Short web captions
○ ○ ○ ○

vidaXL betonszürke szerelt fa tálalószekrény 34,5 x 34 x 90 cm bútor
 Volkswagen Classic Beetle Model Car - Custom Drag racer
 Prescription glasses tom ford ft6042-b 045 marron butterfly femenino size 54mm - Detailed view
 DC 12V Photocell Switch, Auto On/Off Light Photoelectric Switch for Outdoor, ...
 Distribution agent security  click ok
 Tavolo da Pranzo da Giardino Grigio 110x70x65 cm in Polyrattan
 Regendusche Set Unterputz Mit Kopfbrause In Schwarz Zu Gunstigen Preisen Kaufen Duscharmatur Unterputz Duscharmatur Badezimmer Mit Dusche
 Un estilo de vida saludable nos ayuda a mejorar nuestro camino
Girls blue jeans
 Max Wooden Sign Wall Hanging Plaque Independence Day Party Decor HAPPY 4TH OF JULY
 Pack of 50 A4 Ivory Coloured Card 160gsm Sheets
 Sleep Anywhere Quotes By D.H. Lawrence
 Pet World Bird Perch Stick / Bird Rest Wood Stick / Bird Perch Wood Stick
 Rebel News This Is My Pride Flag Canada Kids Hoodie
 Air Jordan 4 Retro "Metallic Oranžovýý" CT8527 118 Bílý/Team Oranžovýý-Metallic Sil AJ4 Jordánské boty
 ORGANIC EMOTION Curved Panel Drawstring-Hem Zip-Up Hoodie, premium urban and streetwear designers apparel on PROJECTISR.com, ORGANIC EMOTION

○ ○ ○ ○

> _What to do_: The data must be output in full, exactly as given.

> _Exercise result_:
vidaXL betonszürke szerelt fa tálalószekrény 34,5 x 34 x 90 cm bútor
 Volkswagen Classic Beetle Model Car - Custom Drag racer
 Prescription glasses tom ford ft6042-b 045 marron butterfly femenino size 54mm - Detailed view
 DC 12V Photocell Switch, Auto On/Off Light Photoelectric Switch for Outdoor, ...
 Distribution agent security  click ok
 Tavolo da Pranzo da Giardino Grigio 110x70x65 cm in Polyrattan
 Regendusche Set Unterputz Mit Kopfbrause In Schwarz Zu Gunstigen Preisen Kaufen Duscharmatur Unterputz Duscharmatur Badezimmer Mit Dusche
 Un estilo de vida saludable nos ayuda a mejorar nuestro camino
Girls blue jeans
 Max Wooden Sign Wall Hanging Plaque Independence Day Party Decor HAPPY 4TH OF JULY
 Pack of 50 A4 Ivory Coloured Card 160gsm Sheets
 Sleep Anywhere Quotes By D.H. Lawrence
 Pet World Bird Perch Stick / Bird Rest Wood Stick / Bird Perch Wood Stick
 Rebel News This Is My Pride Flag Canada Kids Hoodie
 Air Jordan 4 Retro "Metallic Oranžovýý" CT8527 118 Bílý/Team Oranžovýý-Metallic Sil AJ4 Jordánské boty
 ORGANIC EMOTION Curved Panel Drawstring-Hem Zip-Up Hoodie, premium urban and streetwear designers apparel on PROJECTISR.com, ORGANIC EMOTION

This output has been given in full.